KDE and HIST PLOT FOR AVEGRAGE OF TOTAL,MALE AND FEMALE WRT PARENT EDUCATION 
- No need for plt.legend() if hue= is used. 

In [None]:

plt.figure(figsize=(25,6))
plt.subplot(141)
sns.histplot(data=df,x='average',kde=True,hue='parental_level_of_education')
plt.subplot(142)
sns.histplot(data=df[df.gender=='male'],x='average',kde=True,hue='parental_level_of_education')
plt.subplot(143)
sns.histplot(data=df[df.gender=='female'],x='average',kde=True,hue='parental_level_of_education')

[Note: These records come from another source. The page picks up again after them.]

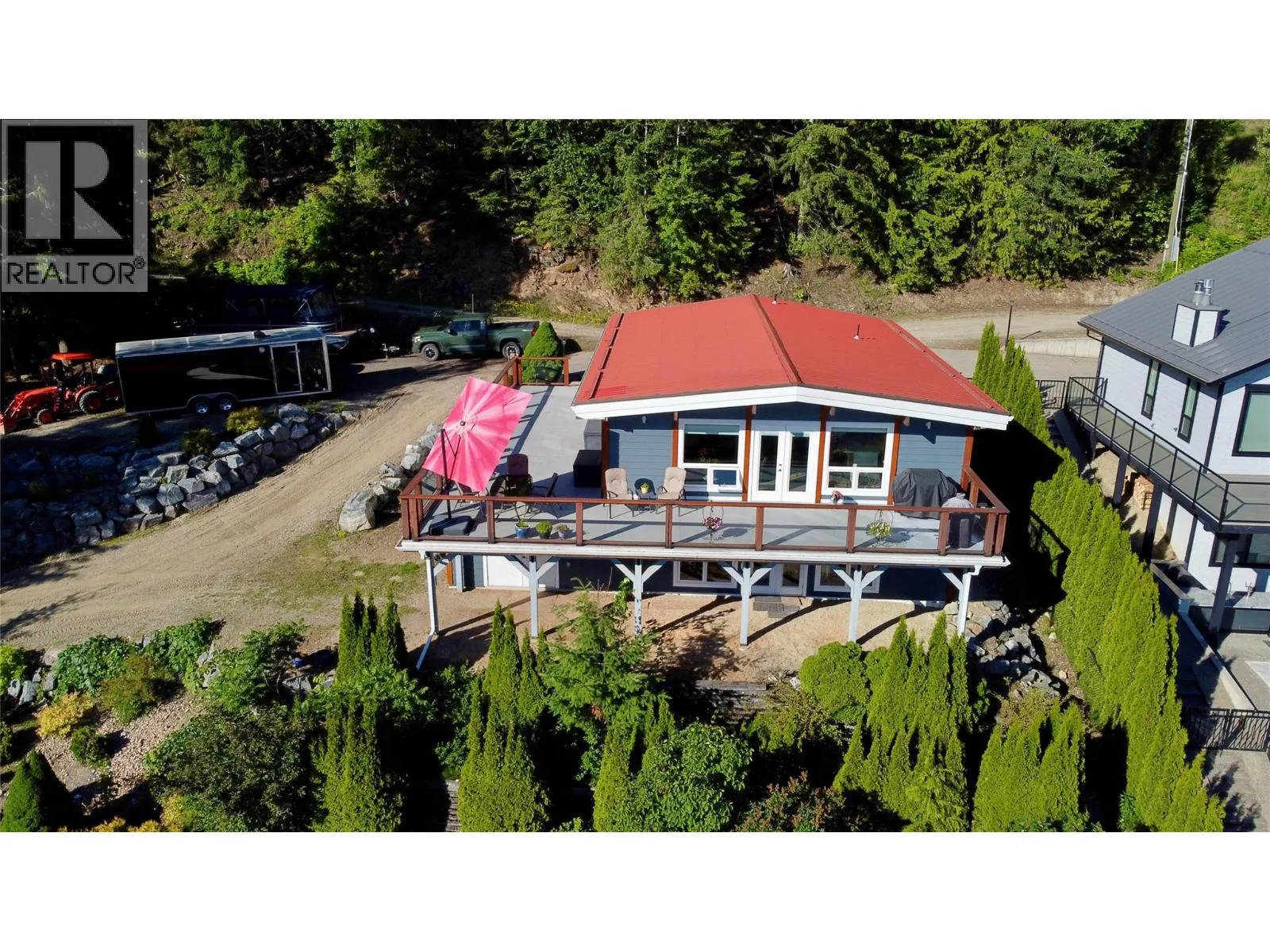 417 Old Spallumcheen Road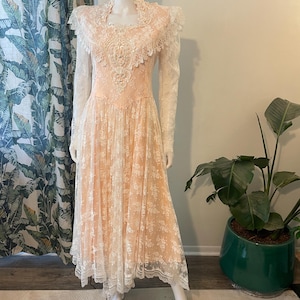 chinese dress ladies Couture Ivory Lace Handkerchief Gown main image 0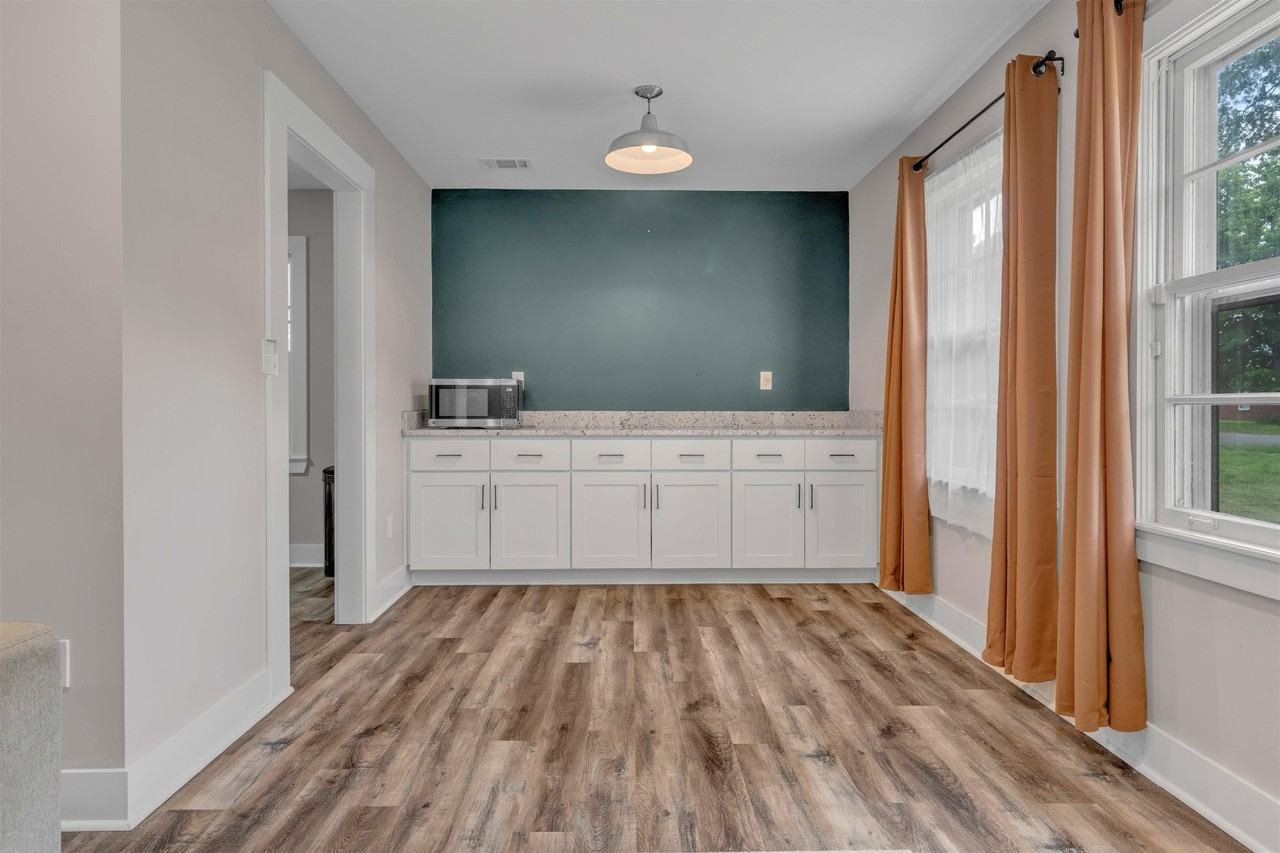 4623 Doris Cir S - Photo 5 of 23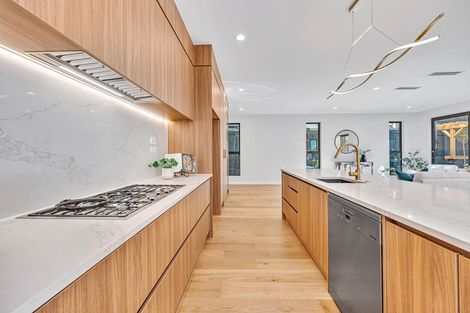 Photo of property in 14 Pakirikiri Street, Long Bay, Auckland, 0630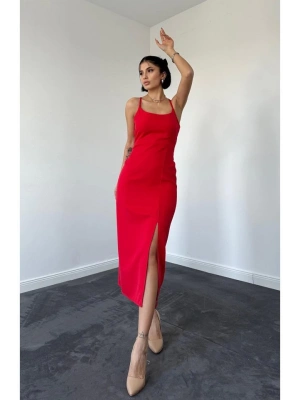 Kırmızı Sırt Dekolteli Elbise
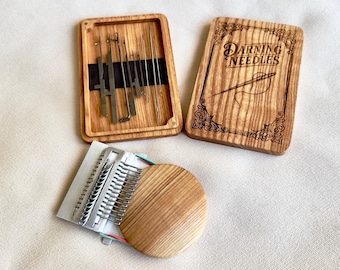 Speedweve Mending Loom + Sewing Needles in Magnetic Storage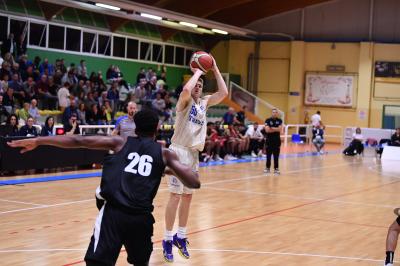 PONZANO 14092024 LBA PRECAMPIONATO NUTRIBULLET TREVISO BASKET - AQUILA TRENTO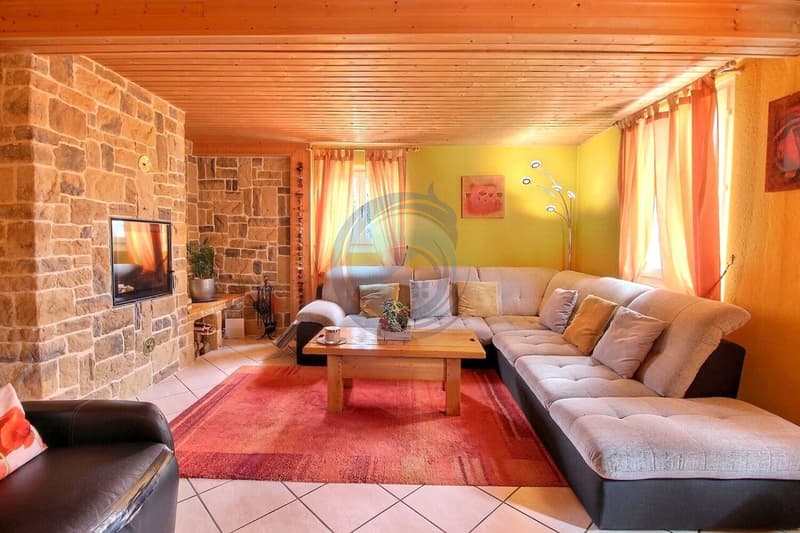 RAVISSANTE MAISON INDIVIDUELLE AVEC CACHET (12)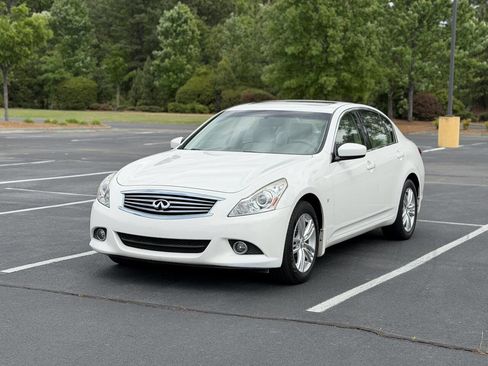 Used 2015 INFINITI Q40 AWD w/ Navigation Package image 3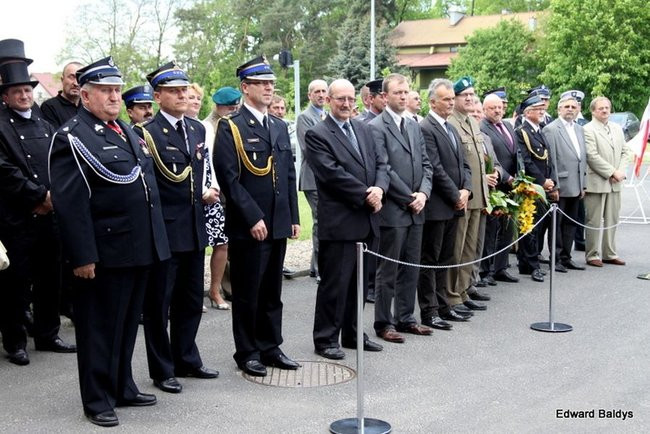 Strażacy świętowali przed komendą (wideo i zdjęcia)
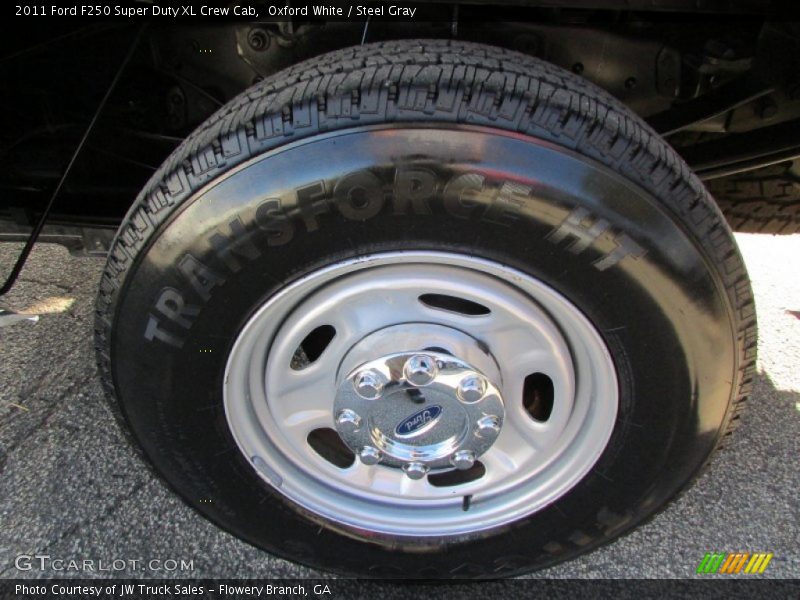 Oxford White / Steel Gray 2011 Ford F250 Super Duty XL Crew Cab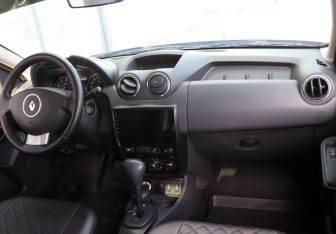 Подержанный автомобиль Renault Duster 2014 года (12 фото)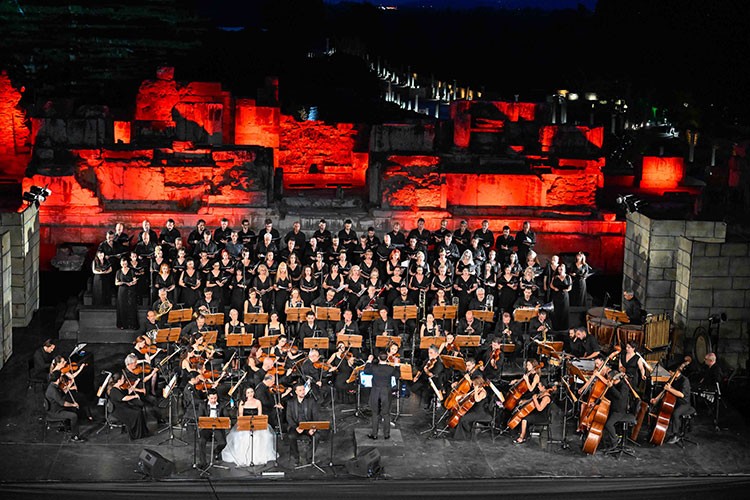 Efes'te "Carmina Burana" seslendirildi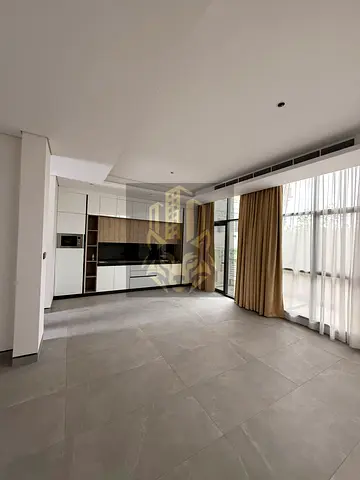 Villa for Rent Al Hoshi | 4 Master BR + Large Yard & Garden | Prime Location
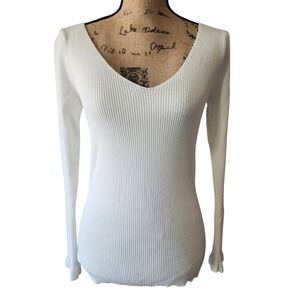 Chelsea28 Long Sleeve V-Neck Ribbed Stretchy White Sweater - M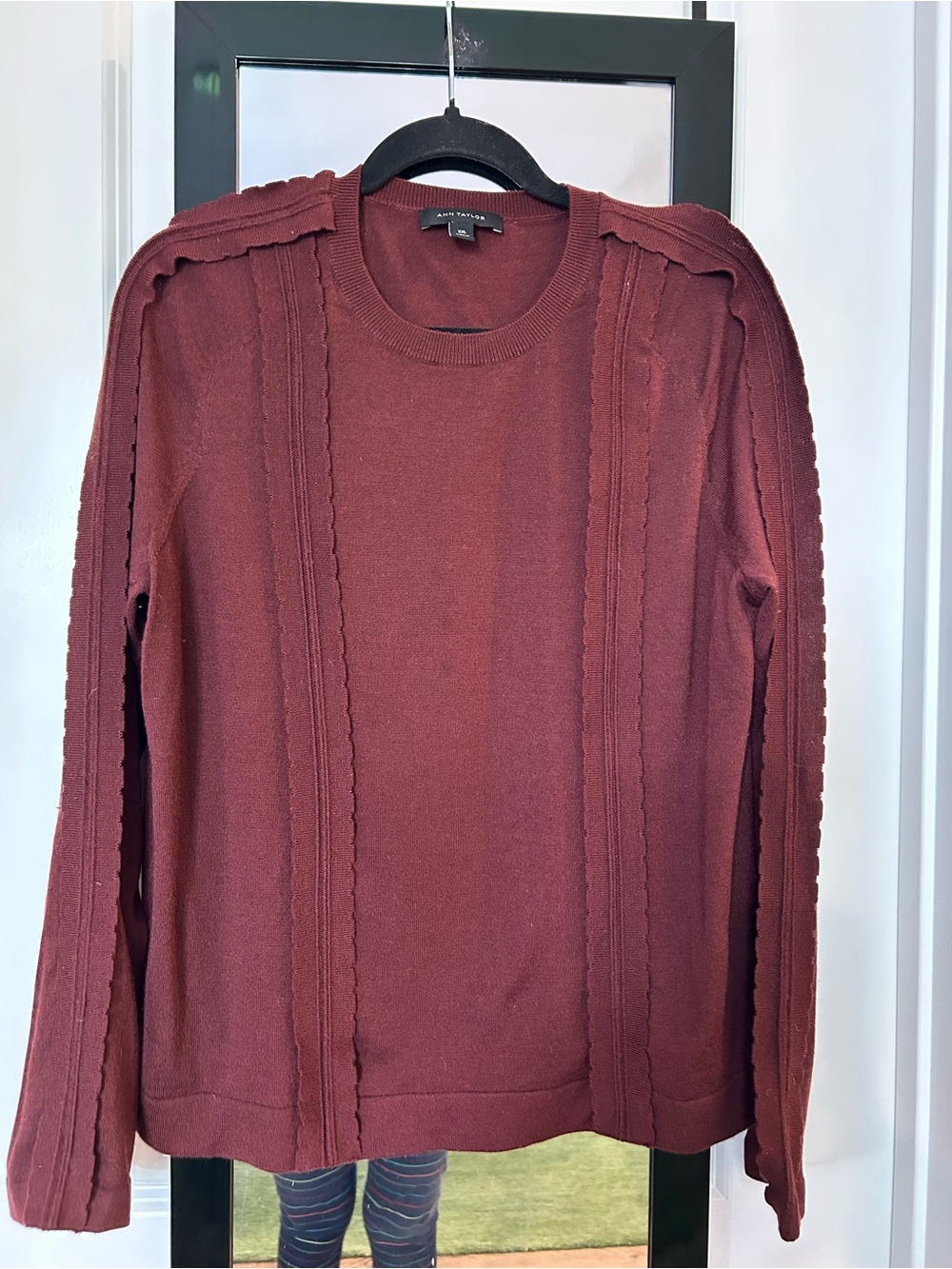 Ann Taylor Maroon Scalloped-Trim Crewneck Lightweight Sweater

plt.figure(figsize=(25,4))
plt.subplot(141)
sns.kdeplot(data=df,x='average',hue='parental_level_of_education')
plt.title('WHole data')

plt.subplot(142)
sns.kdeplot(data=df[df.gender=='male'],x='average',hue='parental_level_of_education')
plt.title('Male')

plt.subplot(143)
sns.kdeplot(data=df[df.gender=='female'],x='average',hue='parental_level_of_education')
plt.title('Female')

plt.show()

#####  Insights
- In general parent's education don't help student perform well in exam.
- 2nd plot shows that parent's whose education is of associate's degree or master's degree their male child tend to perform well in exam
- 3rd plot we can see there is no effect of parent's education on female students.

In [None]:

plt.figure(figsize=(25,6))

plt.subplot(141)
sns.histplot(data=df,x='average',kde=True,hue='race_ethnicity')

plt.subplot(142)
sns.histplot(data=df[df.gender=='male'],x='average',kde=True,hue='race_ethnicity')

plt.subplot(143)
sns.histplot(data=df[df.gender=='female'],x='average',kde=True,hue='race_ethnicity')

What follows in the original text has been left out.